*WHAT YOU SHOULD DO*:
Print exactly the lines below between the line containing "LOS 10 PERROS" and the line containing "453 Pilgers Road, Nipissing, ON", counting both of those lines. Leave pictures out.

*EXTRACTED ENTRIES*:
Content starts
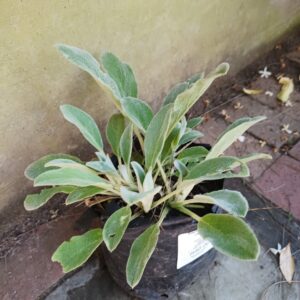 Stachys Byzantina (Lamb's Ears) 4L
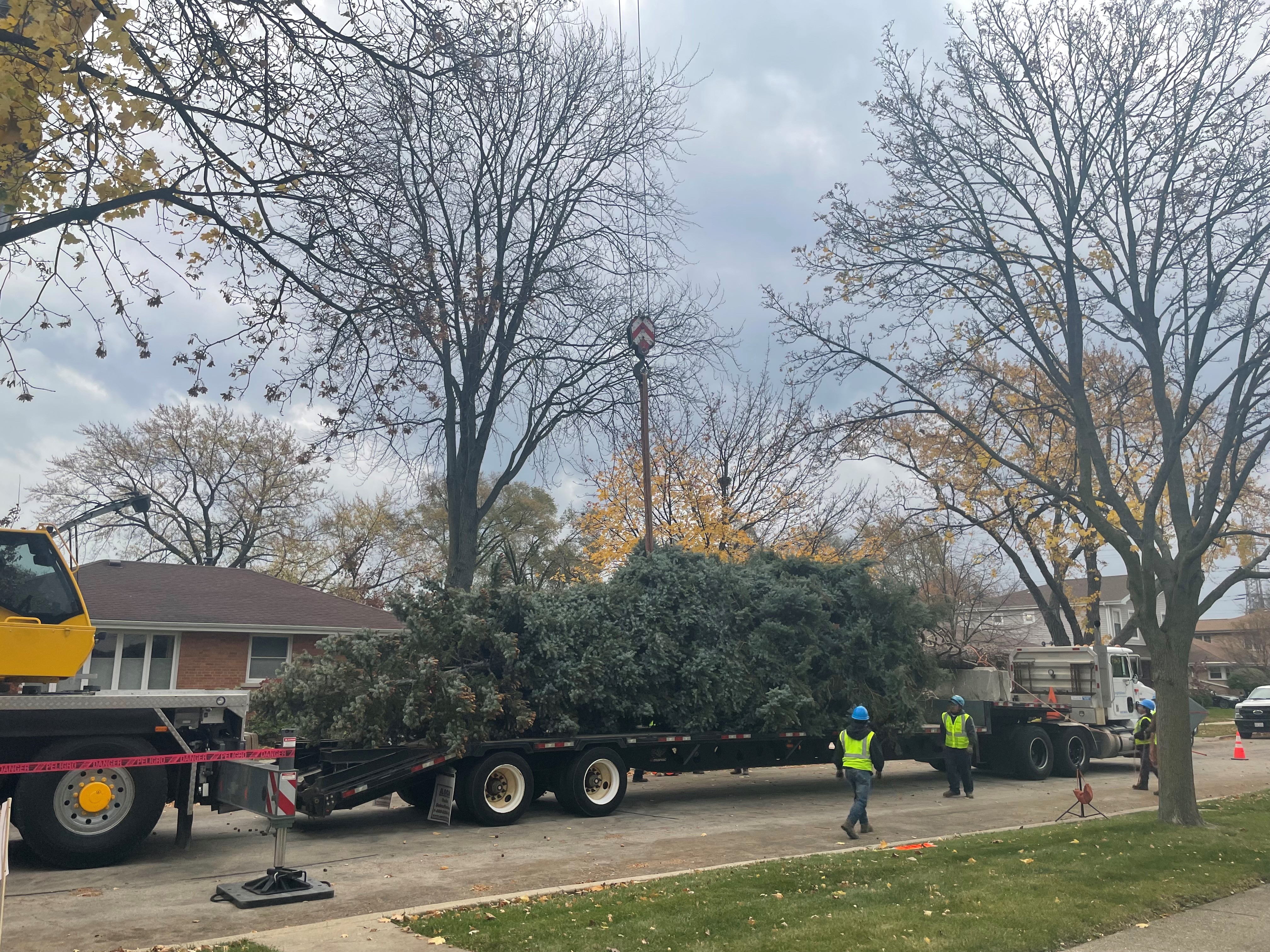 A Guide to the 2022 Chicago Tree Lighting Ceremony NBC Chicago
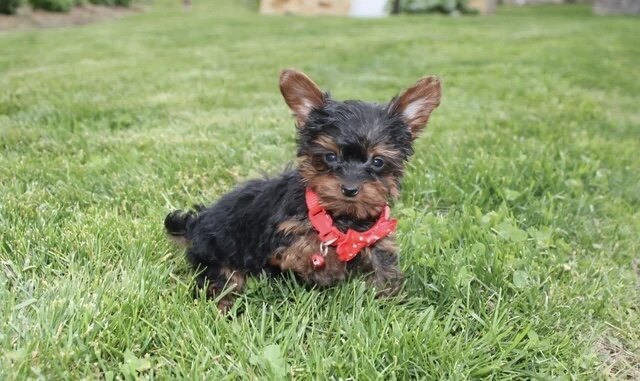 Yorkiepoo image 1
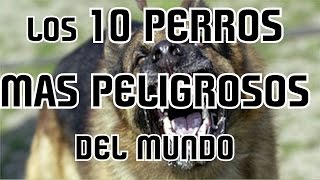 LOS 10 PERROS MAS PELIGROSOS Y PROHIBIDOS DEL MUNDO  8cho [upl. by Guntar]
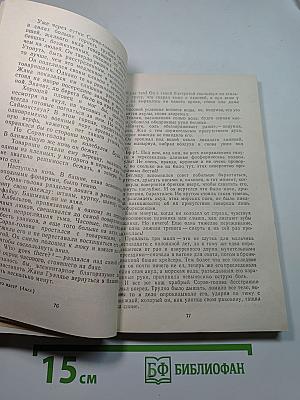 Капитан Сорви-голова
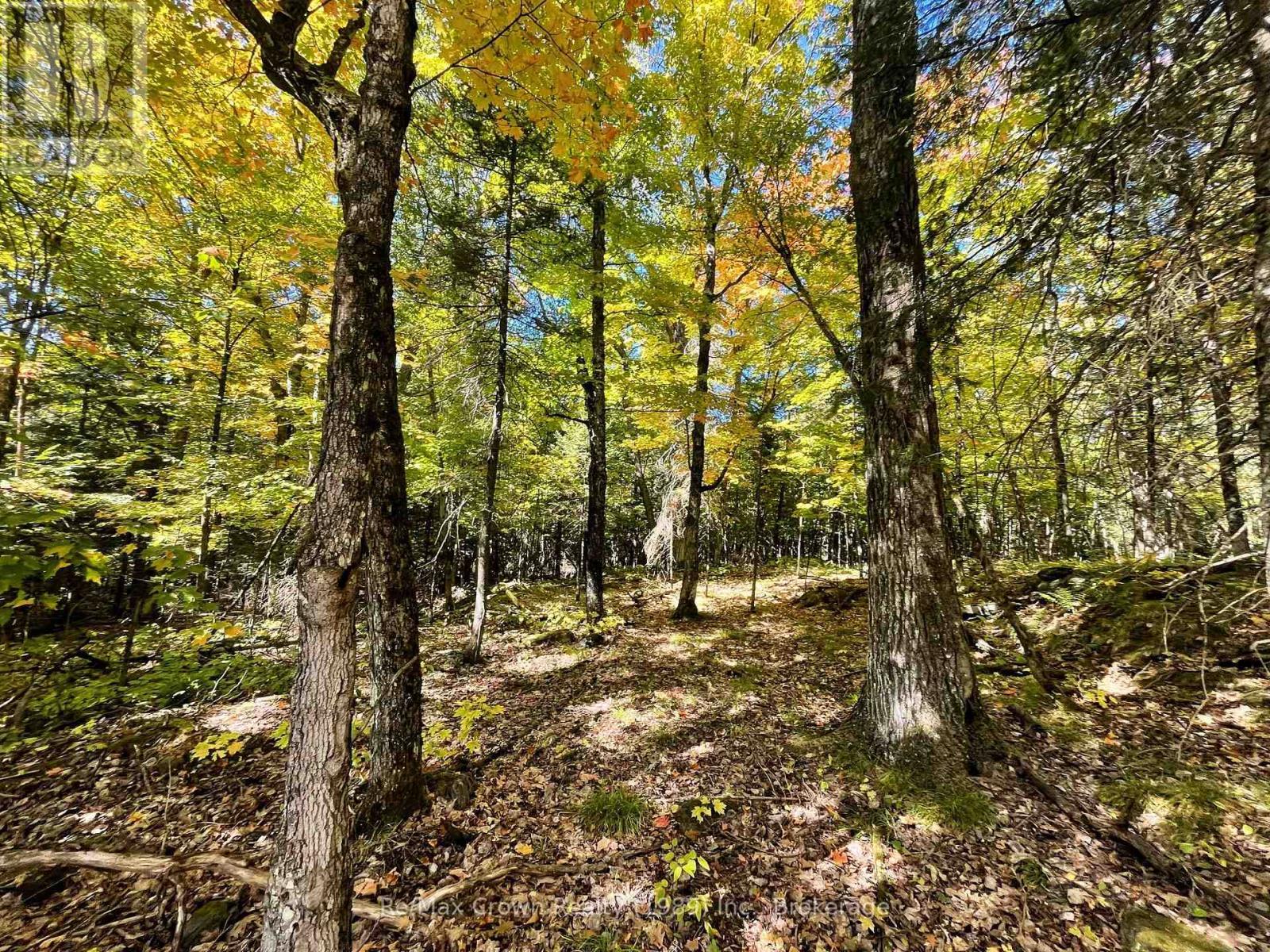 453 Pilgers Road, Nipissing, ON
Content ends
Content starts
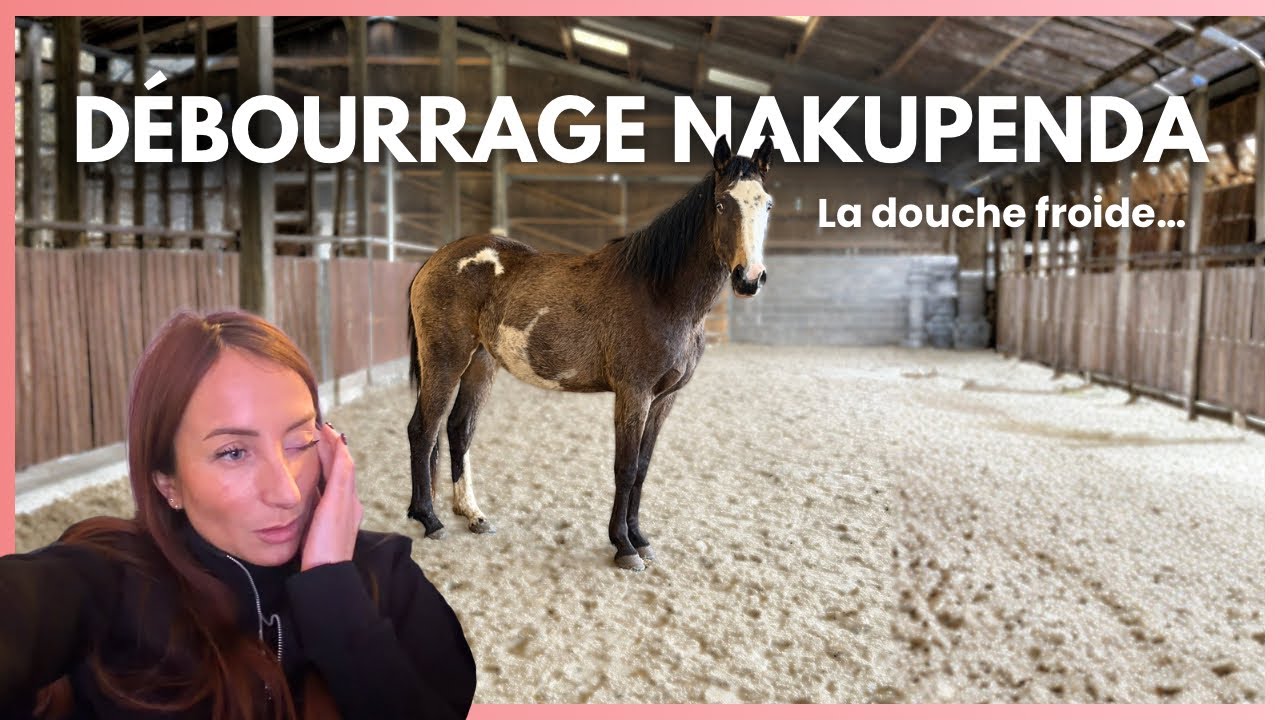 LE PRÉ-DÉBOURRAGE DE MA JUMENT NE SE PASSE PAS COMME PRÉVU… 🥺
Content ends
*RESULT OF THIS TASK*:
 LOS 10 PERROS MAS PELIGROSOS Y PROHIBIDOS DEL MUNDO  8cho [upl. by Guntar]
 Капитан Сорви-голова
 453 Pilgers Road, Nipissing, ON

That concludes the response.